For example, there is a syntactic address dependency from the memory operation generated by the first instruction to the memory operation generated by the last instruction in A syntactic address dependency, even though a1 XOR a1 is zero and hence has no effect on the address accessed by the second load.

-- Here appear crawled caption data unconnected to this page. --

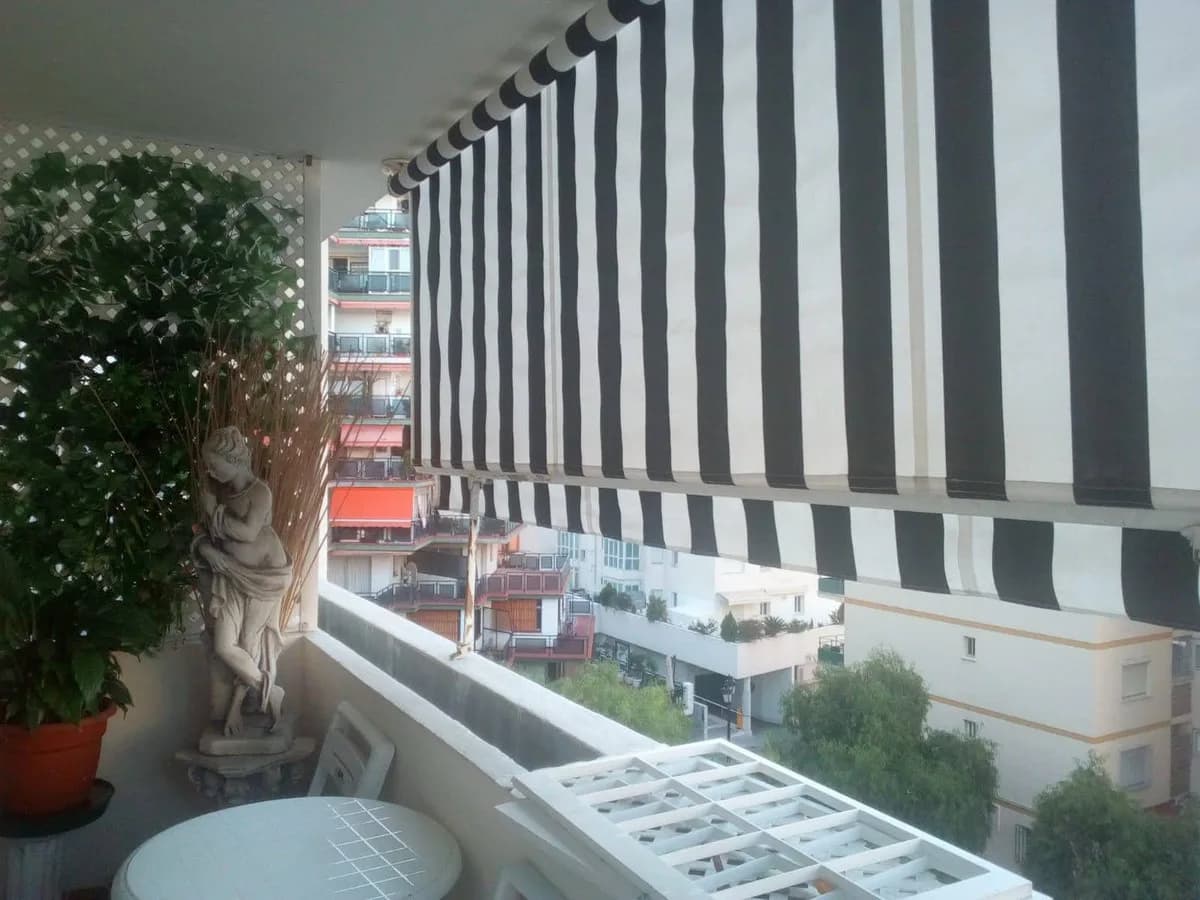 3 Bedroom Middle Floor Apartment for Sale in Marbella, Málaga - Image 2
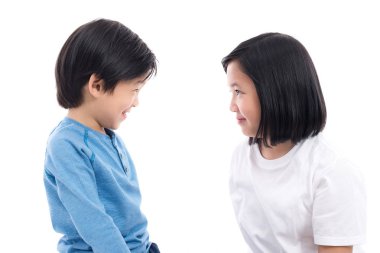 Beyaz arka plan üzerinde oturan Asya çocuk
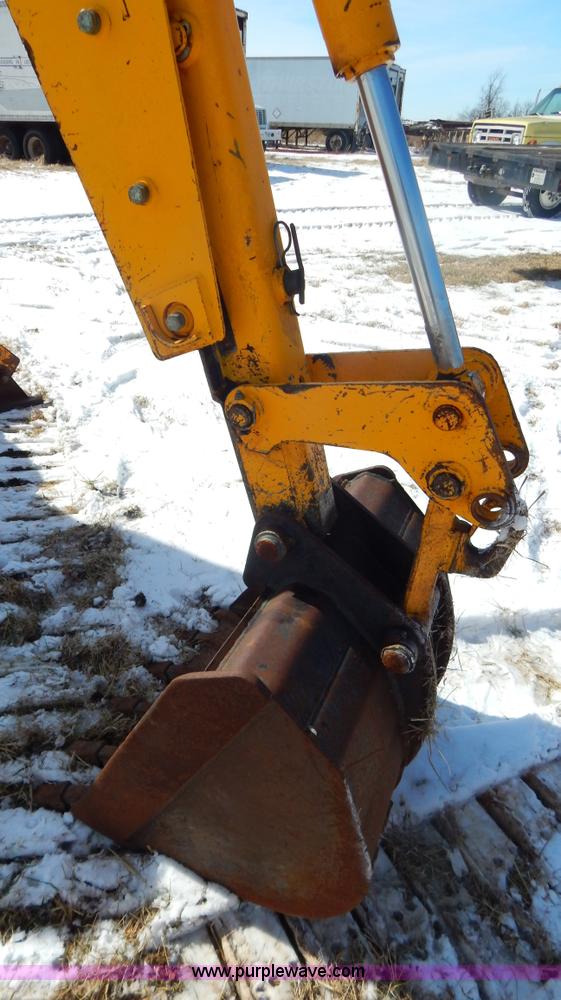 image for item I1161 1995 JCB 214S backhoe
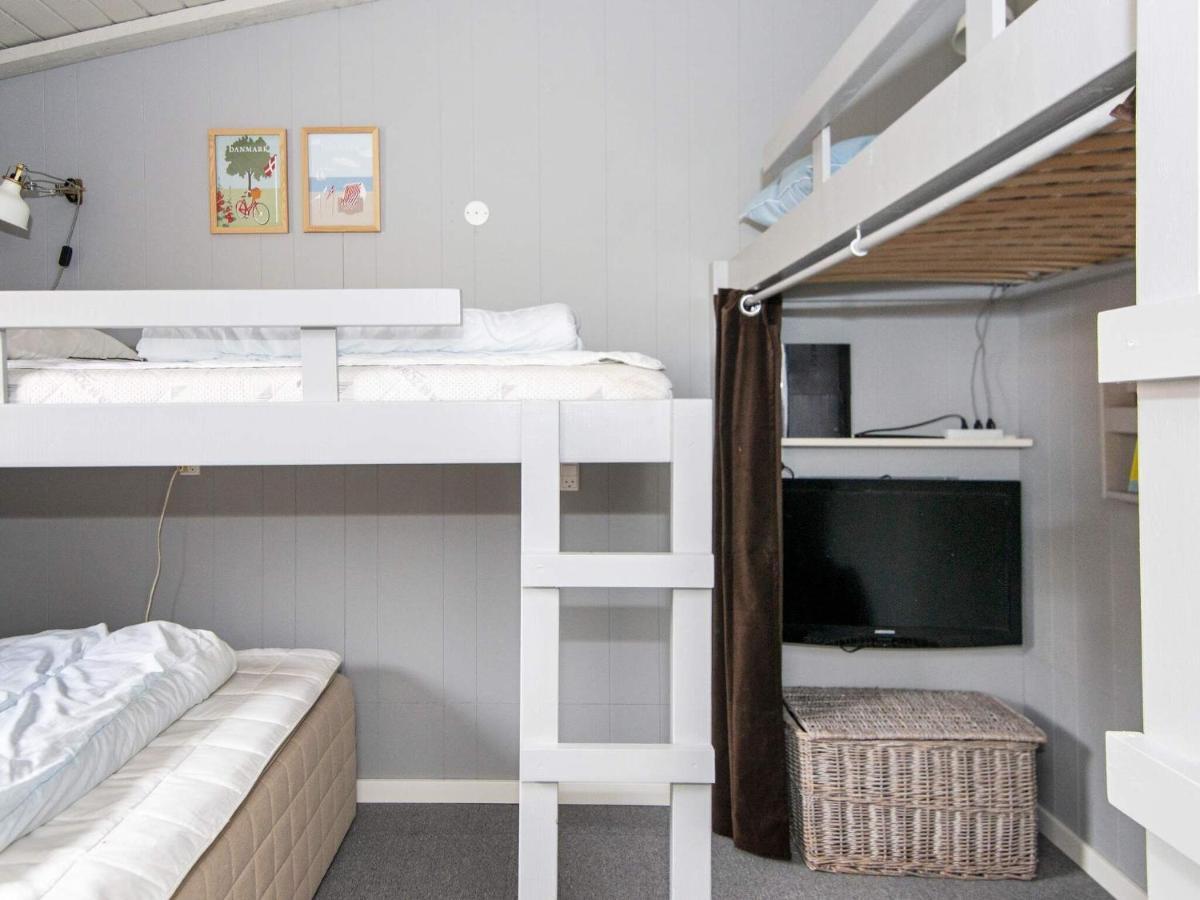 5 Person Holiday Home In Henne Henne Strand Luaran gambar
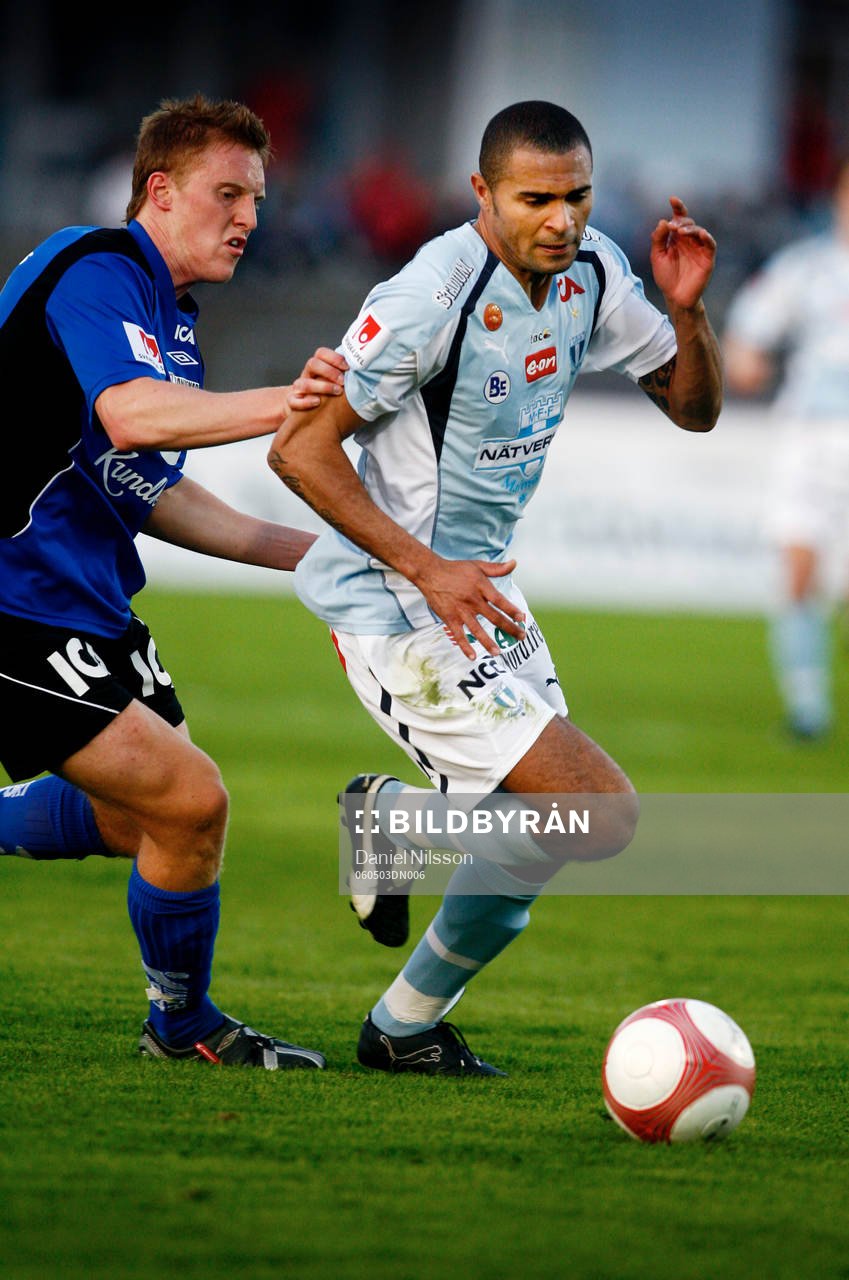 Afonso Alves, Malmö rycker förbi en Halmstad spelare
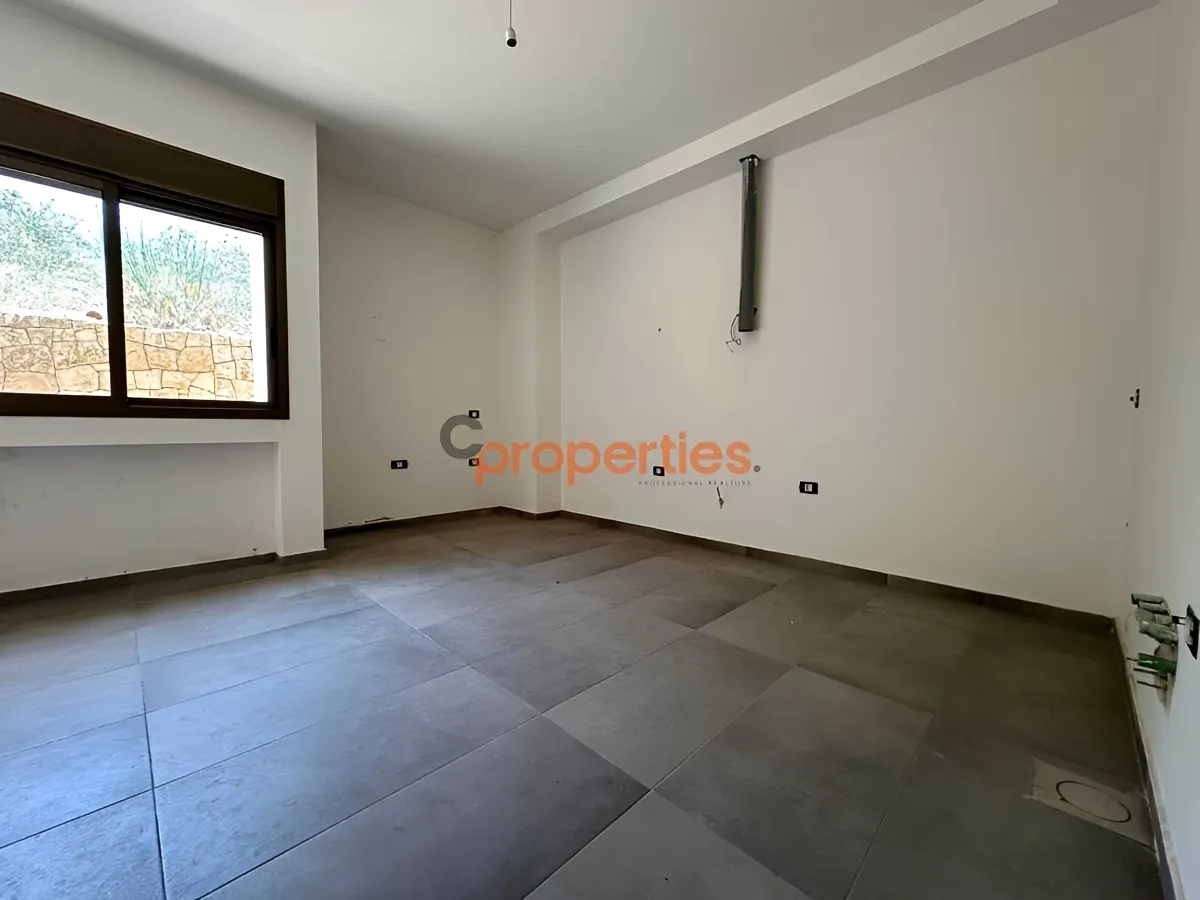 Apartment for Sale in Mtaileb
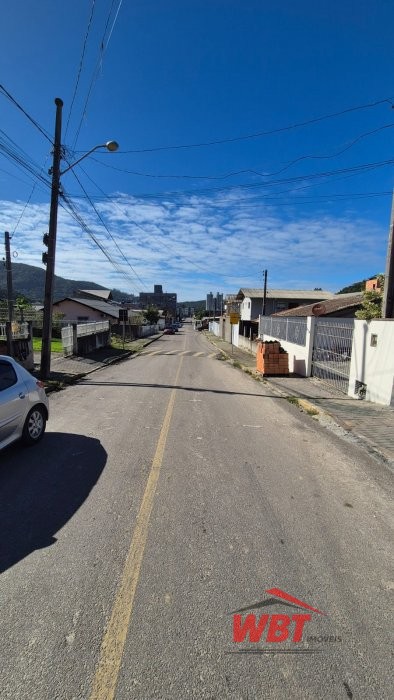 CASA COM 03 DORMIT�RIOS, BAIRRO ALTO S. BENTO!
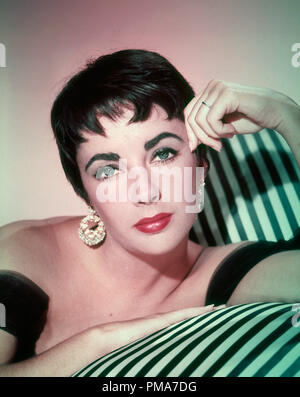 Elizabeth Taylor 1954 circa Riferimento File # 32263 303THA Foto Stock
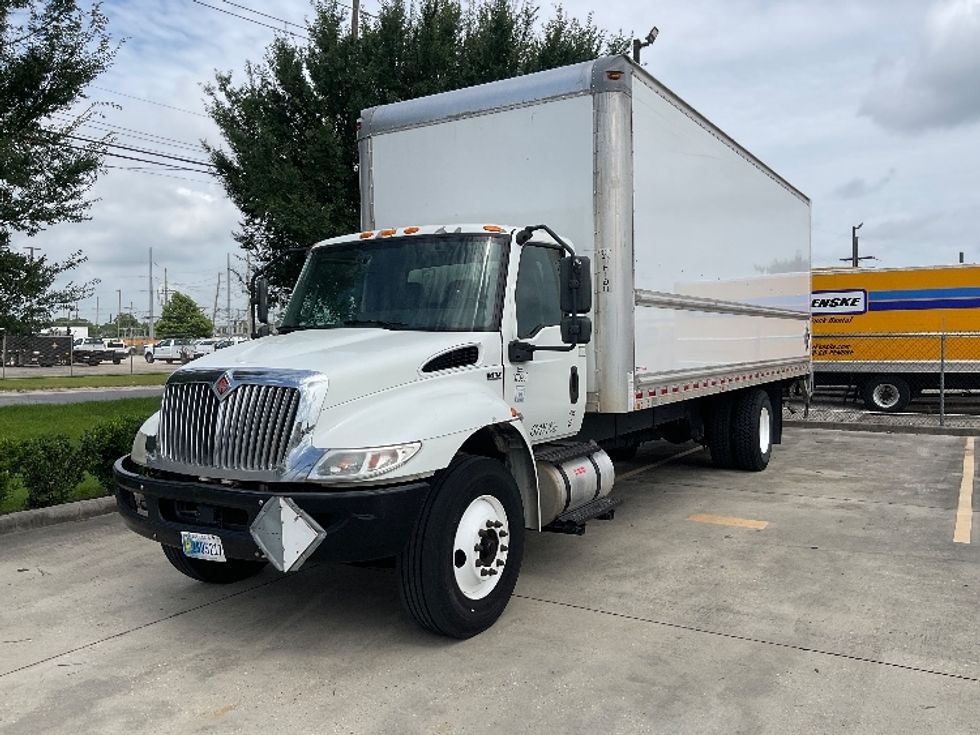 Medium Duty Box Truck-Light and Medium Duty Trucks-International-2021-MV607-Hammond-LA-232,801\n\t\tmiles-$ 49,750 - Image 3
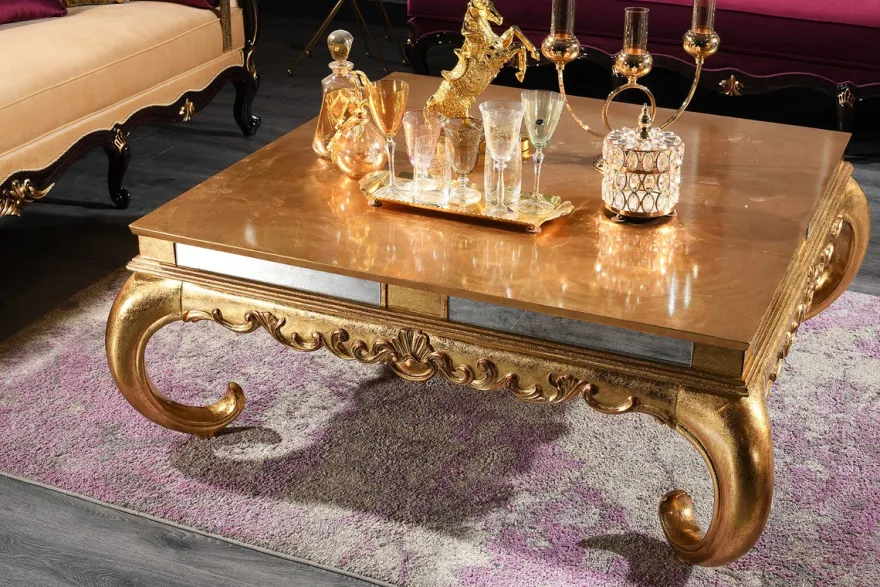 Casa Padrino Luxus Barock Wohnzimmer Set - 2 Sofas & 2 Sessel & 1 Couchtisch - Barock Möbel - Edel & Prunkvoll - Luxus Qualität - Made in Italy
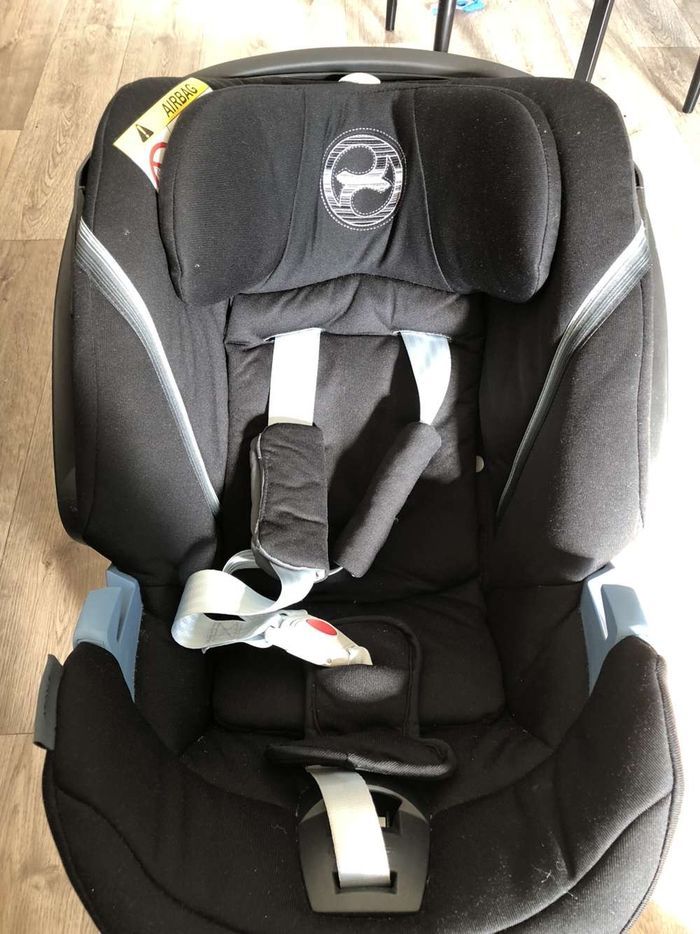 Cosy Cybex Aton 5 + adaptateur poussette + habillage pluie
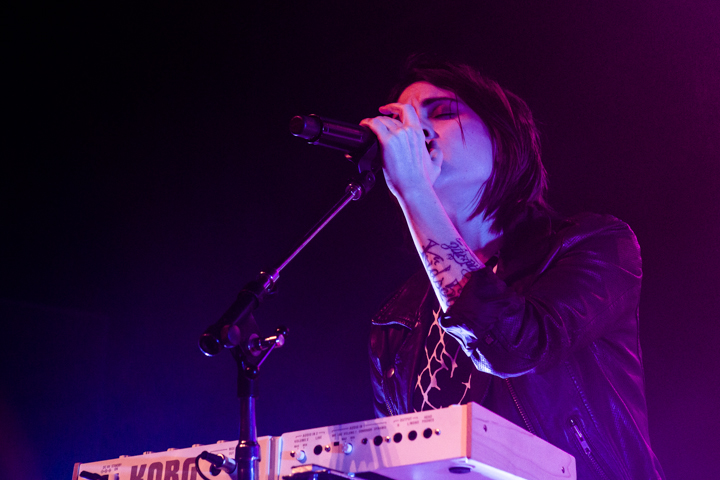 Tegan and Sara @ Trix, picture 21, photographed by Dieter  Boone - FrontView Magazine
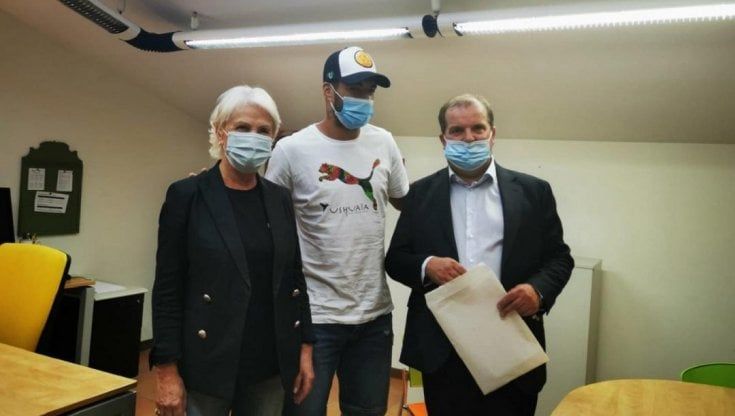 Suarez, il verbale dell'interrogatorio: "Fu l'università a darmi il pdf prima dell'esame"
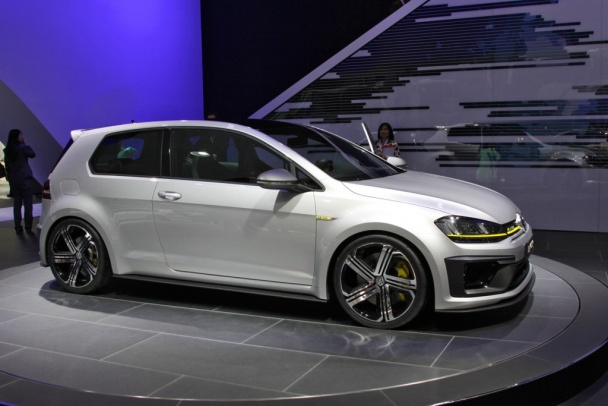 Volkswagen Golf R 400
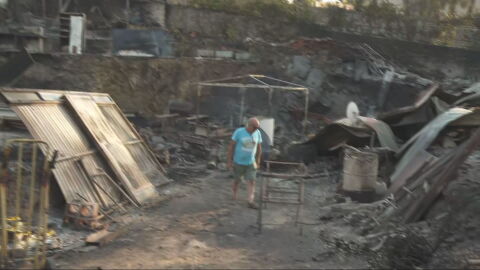 El viaje de regreso a un hogar que ya no existe: l&aacute;grimas, desolaci&oacute;n y una mancha negra en la zona cero de los incendios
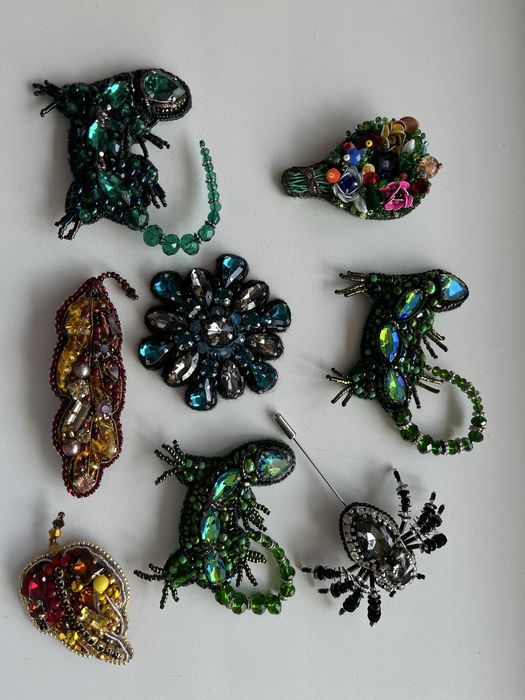 Брошка з бісеру та кристалів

The benefit of using dependencies as a lightweight synchronization mechanism is that the ordering enforcement requirement is limited only to the specific two instructions in question. Other non-dependent instructions may be freely reordered by aggressive implementations. One alternative would be to use a load-acquire, but this would enforce ordering for the first load with respect to all subsequent instructions. Another would be to use a FENCE R,R, but this would include all previous and all subsequent loads, making this option more expensive.

lw x1,0(x2)
bne x1,x0,next
sw x3,0(x4)
next: sw x5,0(x6)

Control dependencies behave differently from address and data dependencies in the sense that a control dependency always extends to all instructions following the original target in program order. Consider A syntactic control dependency the instruction at next will always execute, but the memory operation generated by that last instruction nevertheless still has a control dependency from the memory operation generated by the first instruction.

lw x1,0(x2)
bne x1,x0,next
next: sw x3,0(x4)

Likewise, consider Another syntactic control dependency. Even though both branch outcomes have the same target, there is still a control dependency from the memory operation generated by the first instruction in this snippet to the memory operation generated by the last instruction. This definition of control dependency is subtly stronger than what might be seen in other contexts (e.g., C++), but it conforms with standard definitions of control dependencies in the literature.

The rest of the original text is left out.